Ahead of that deadline, there are glimmers of hope in Washington that the two sides will finally compromise.
According to unconfirmed US media reports, this would include agreement to cover the US$31 trillion (S$42 trillion) – and growing – US debt for two years.
That would mean no repeat of the current drama before the 2024 presidential election.
To get this, Democrats would give in to Republican demands for sweeping spending limits on social safety and other domestic programmes.
Pressure to reach some sort of arrangement and authorise the government to borrow more money needed for existing commitments is deepening.
According to the Treasury, next Thursday is when the government coffers could run dry – leaving some domestic bills, and international creditors, unpaid.

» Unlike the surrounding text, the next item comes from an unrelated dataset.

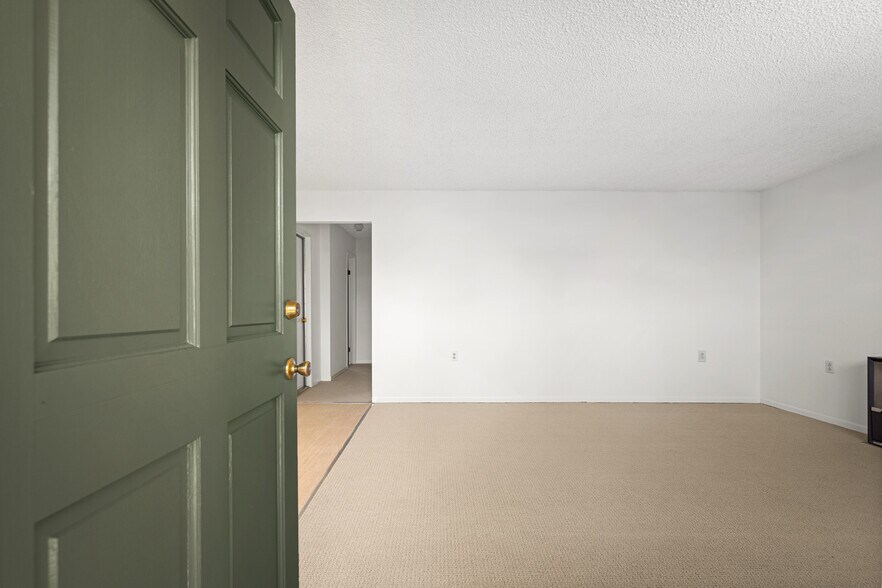More Photos Of 611 Hendley St, Santa Rosa Apartments For Sale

More optimistic assessments give little more than a couple extra weeks before the cataclysm which would likely trigger stock market selloffs, huge job losses and recession.

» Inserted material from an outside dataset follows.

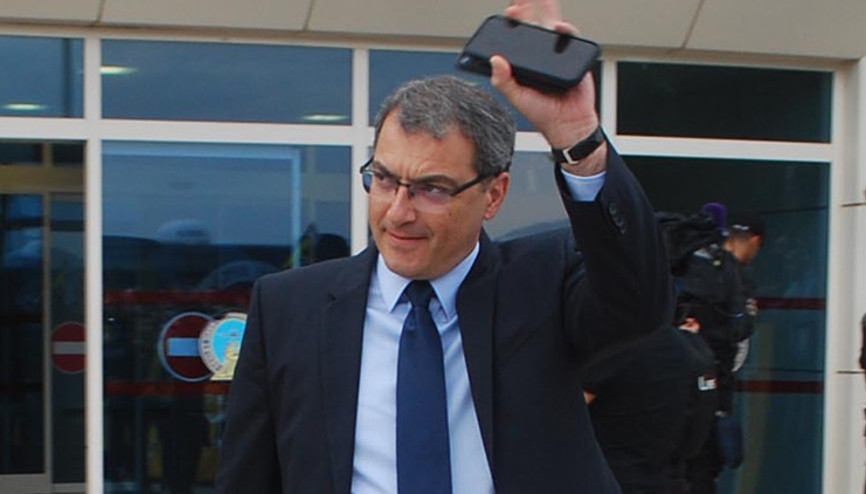 Fenerbahçe’nin eski sportif direktörü Comolli gözünü Galatasaraylı Mostafa Mohamede dikti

With the country marking Memorial Day on Monday, members of Congress are leaving Washington on a 10-day recess.
Even US President Joe Biden – to the consternation of some in his own party – is heading to his Camp David retreat and his private home in Delaware.
Yet Mr Wally Adeyemo, the deputy Treasury secretary, told CNN that both Mr Biden and Republican congressional leader, Speaker Kevin McCarthy, were focused on avoiding catastrophe.
“The president decided, the speaker has said it, and we have to get something done before June,” Mr Adeyemo said. “The president is committed to making sure that we have good faith negotiations with the Republicans to reach a deal because the alternative is catastrophic for all Americans.”
On Thursday, Mr Biden had also tried to reassure the country, saying: “There will be no default.”